Help came in the form of a neighbor, Cory Meredith, whom Goodrich describes as "a brilliant computer guy."

"At the same time, my wife bought me a computer. At first I was afraid of it, but I asked Cory about setting up a Web site to sell my barn plans online. He said, 'You're crazy. Nobody's gonna to want to buy barn plans on the Internet.' But I believed in it. I did my homework, and I found there's not much like this out there."


art
DEAN SENSUI / DSENSUI@STARBULLETIN.COM
In the upper floor bedroom of Goodrich's barn house, the walls slant inward, following the slope of the gambrel roof.



In 1998, the year he put up the Web site, he sold 81 plans. The number has increased every year since then. This year, he's expecting to sell 600 to 700 plans (exterior shell only), which range from $35 for a cupola or doggie barn, or $150 for a 16-by-24-foot gambrel barn house, to $235 for a 36-by-60 foot gambrel barn house. Different sizes can be combined to increase living space.

Maps of the world hanging in Goodrich's second-floor office pinpoint his success in blanketing the globe with barns. Colored pins stuck into the maps represent sales in all 50 states, with large clusters in Vermont, Northern California and Washington, and in every province in Canada, plus Japan, New Zealand, Europe, South America and the Caribbean.

He's sold about a dozen plans locally, mostly on Maui and the Big Island.

For the longest time, though, he could not make a sale in South Dakota, and after a year of looking at the empty spot on the map, he finally made an offer.
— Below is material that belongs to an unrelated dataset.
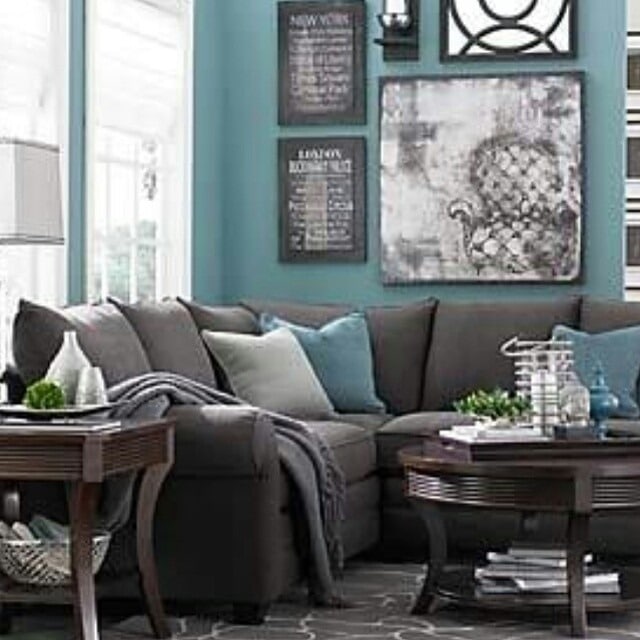 15. Casual Gray Sofa with Teal Feature Wall - gray and teal living room ideas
"I put a note up on my Web site, 'Hey, South Dakota, what's up? Here's the deal: The first person who buys a barn plan from me gets a set of cupola plans free.'

"A woman living in Montana four miles from South Dakota asked if she qualified for the free plans, saying, 'You can move the pin if you want to.'"

TWO YEARS AGO, Goodrich was able to leave the contracting business behind to concentrate on his Web site full time, coaching do-it-yourselfers over the phone and online.
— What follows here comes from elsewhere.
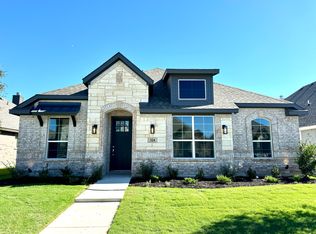 324 Freestall Dr, Midlothian, TX 76065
"Everybody needs a gimmick, and for me the gimmick is the engineered truss," he said of his barn roof, designed to transfer lateral forces downward onto its side walls. This means interior walls are non-load-bearing, giving home owners the freedom to create any floor plan.

"You can almost see the light bulb going on in peoples' heads." Goodrich said. "One guy said, 'You mean I can put wheels on the walls and change (the floor plan) every week?'

"Well, yeah."

Gambrel roofs are not the most practical when it comes to utilizing second-story space, but Goodrich's design maximizes what space there is to be used as small bedrooms or offices, though air conditioning is a must.


art
WWW.BARNPLANS.COM
Harley, pictured, claims ownership of this doggie barn but he sublets to Daniel "Dano" Goodrich's other poi dog, Hoku.
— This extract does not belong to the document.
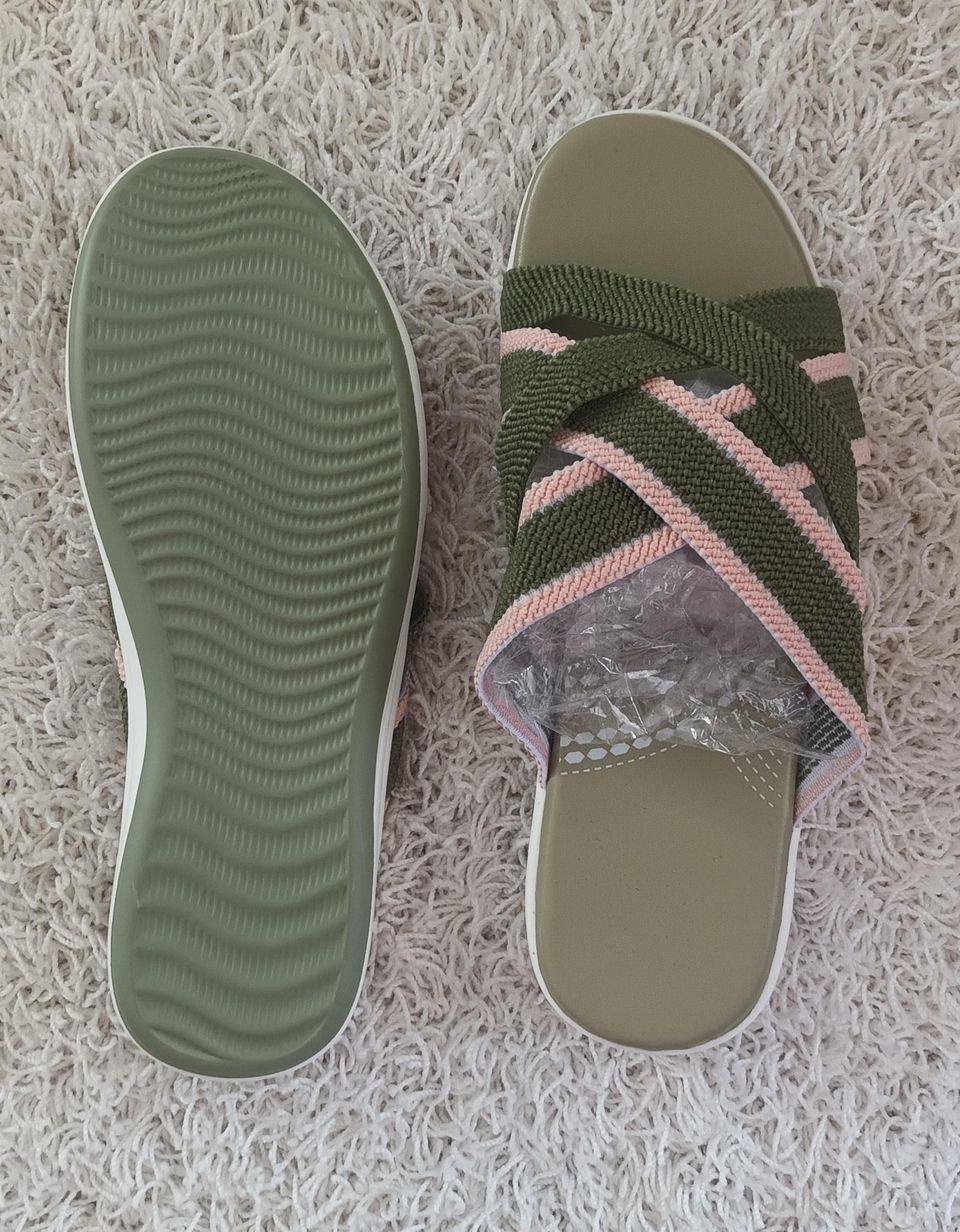 Uudet, kevyet sandaalit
For those worried about the barns' sturdiness, the plans have been engineered to comply with California's strict earthquake codes, as well as 80 mph winds and a 50-pound snow load.

He claims that DIYers on the mainland have been able to put up the building shell for $10 per square foot in material costs, but the unskilled will have to consider the costs of labor, electrical wiring, plumbing and finishing the interior.

Nevertheless, in a place where termites can reduce homes to a box as brittle as a wheat cracker in a few decades, a barn might be a practical option for homeowners in search of no-fuss shelter.

Yet, no matter how simple the plans, some people can't help but fuss. Just as Winchester Rifle heiress Sarah Winchester kept working on her Victorian mansion for more than 38 years in an attempt to cheat death by continuing to build - resulting in strange staircases going nowhere and doors that open to blank walls - Goodrich's home has been the guinea pig for new plans for garage-size barns, sheds and lanais.

"My neighbors love it," he said, as his home has grown to 2,740 square feet. "They're watching their property value increase, too. But I think I have to stop. People here are starting to call me Mr. Winchester."